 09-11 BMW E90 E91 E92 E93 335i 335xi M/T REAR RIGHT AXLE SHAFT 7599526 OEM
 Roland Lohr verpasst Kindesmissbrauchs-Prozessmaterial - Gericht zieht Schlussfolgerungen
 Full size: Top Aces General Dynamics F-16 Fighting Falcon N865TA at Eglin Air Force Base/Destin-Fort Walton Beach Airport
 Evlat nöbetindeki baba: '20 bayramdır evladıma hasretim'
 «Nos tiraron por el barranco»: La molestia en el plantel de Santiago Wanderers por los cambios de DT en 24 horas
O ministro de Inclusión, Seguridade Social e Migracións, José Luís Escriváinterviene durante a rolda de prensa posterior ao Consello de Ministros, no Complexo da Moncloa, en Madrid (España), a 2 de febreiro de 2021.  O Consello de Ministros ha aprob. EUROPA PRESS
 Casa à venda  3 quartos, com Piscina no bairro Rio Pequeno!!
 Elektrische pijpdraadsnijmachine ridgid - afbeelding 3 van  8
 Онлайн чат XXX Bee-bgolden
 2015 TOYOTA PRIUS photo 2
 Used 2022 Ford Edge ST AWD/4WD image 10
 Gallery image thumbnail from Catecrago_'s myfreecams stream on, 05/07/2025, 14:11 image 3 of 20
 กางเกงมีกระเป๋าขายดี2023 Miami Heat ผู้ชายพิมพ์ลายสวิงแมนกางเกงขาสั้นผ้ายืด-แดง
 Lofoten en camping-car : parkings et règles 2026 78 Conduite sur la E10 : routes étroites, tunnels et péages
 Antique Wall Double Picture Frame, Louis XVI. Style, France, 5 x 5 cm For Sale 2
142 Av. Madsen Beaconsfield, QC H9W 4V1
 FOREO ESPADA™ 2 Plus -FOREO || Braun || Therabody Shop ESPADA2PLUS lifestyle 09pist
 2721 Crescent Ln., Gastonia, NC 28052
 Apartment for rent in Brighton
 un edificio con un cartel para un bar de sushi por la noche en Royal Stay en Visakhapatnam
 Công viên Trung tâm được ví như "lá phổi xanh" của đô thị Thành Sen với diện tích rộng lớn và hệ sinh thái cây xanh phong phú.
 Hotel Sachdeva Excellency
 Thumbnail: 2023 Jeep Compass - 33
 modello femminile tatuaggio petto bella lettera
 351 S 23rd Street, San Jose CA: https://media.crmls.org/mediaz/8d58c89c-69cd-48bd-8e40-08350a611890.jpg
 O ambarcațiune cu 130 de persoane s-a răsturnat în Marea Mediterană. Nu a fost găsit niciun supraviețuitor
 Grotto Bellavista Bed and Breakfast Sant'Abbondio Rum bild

##########

What this task involves
Your task is to give back every record exactly.

Your solution
 09-11 BMW E90 E91 E92 E93 335i 335xi M/T REAR RIGHT AXLE SHAFT 7599526 OEM
 Roland Lohr verpasst Kindesmissbrauchs-Prozessmaterial - Gericht zieht Schlussfolgerungen
 Full size: Top Aces General Dynamics F-16 Fighting Falcon N865TA at Eglin Air Force Base/Destin-Fort Walton Beach Airport
 Evlat nöbetindeki baba: '20 bayramdır evladıma hasretim'
 «Nos tiraron por el barranco»: La molestia en el plantel de Santiago Wanderers por los cambios de DT en 24 horas
O ministro de Inclusión, Seguridade Social e Migracións, José Luís Escriváinterviene durante a rolda de prensa posterior ao Consello de Ministros, no Complexo da Moncloa, en Madrid (España), a 2 de febreiro de 2021.  O Consello de Ministros ha aprob. EUROPA PRESS
 Casa à venda  3 quartos, com Piscina no bairro Rio Pequeno!!
 Elektrische pijpdraadsnijmachine ridgid - afbeelding 3 van  8
 Онлайн чат XXX Bee-bgolden
 2015 TOYOTA PRIUS photo 2
 Used 2022 Ford Edge ST AWD/4WD image 10
 Gallery image thumbnail from Catecrago_'s myfreecams stream on, 05/07/2025, 14:11 image 3 of 20
 กางเกงมีกระเป๋าขายดี2023 Miami Heat ผู้ชายพิมพ์ลายสวิงแมนกางเกงขาสั้นผ้ายืด-แดง
 Lofoten en camping-car : parkings et règles 2026 78 Conduite sur la E10 : routes étroites, tunnels et péages
 Antique Wall Double Picture Frame, Louis XVI. Style, France, 5 x 5 cm For Sale 2
142 Av. Madsen Beaconsfield, QC H9W 4V1
 FOREO ESPADA™ 2 Plus -FOREO || Braun || Therabody Shop ESPADA2PLUS lifestyle 09pist
 2721 Crescent Ln., Gastonia, NC 28052
 Apartment for rent in Brighton
 un edificio con un cartel para un bar de sushi por la noche en Royal Stay en Visakhapatnam
 Công viên Trung tâm được ví như "lá phổi xanh" của đô thị Thành Sen với diện tích rộng lớn và hệ sinh thái cây xanh phong phú.
 Hotel Sachdeva Excellency
 Thumbnail: 2023 Jeep Compass - 33
 modello femminile tatuaggio petto bella lettera
 351 S 23rd Street, San Jose CA: https://media.crmls.org/mediaz/8d58c89c-69cd-48bd-8e40-08350a611890.jpg
 O ambarcațiune cu 130 de persoane s-a răsturnat în Marea Mediterană. Nu a fost găsit niciun supraviețuitor
 Grotto Bellavista Bed and Breakfast Sant'Abbondio Rum bild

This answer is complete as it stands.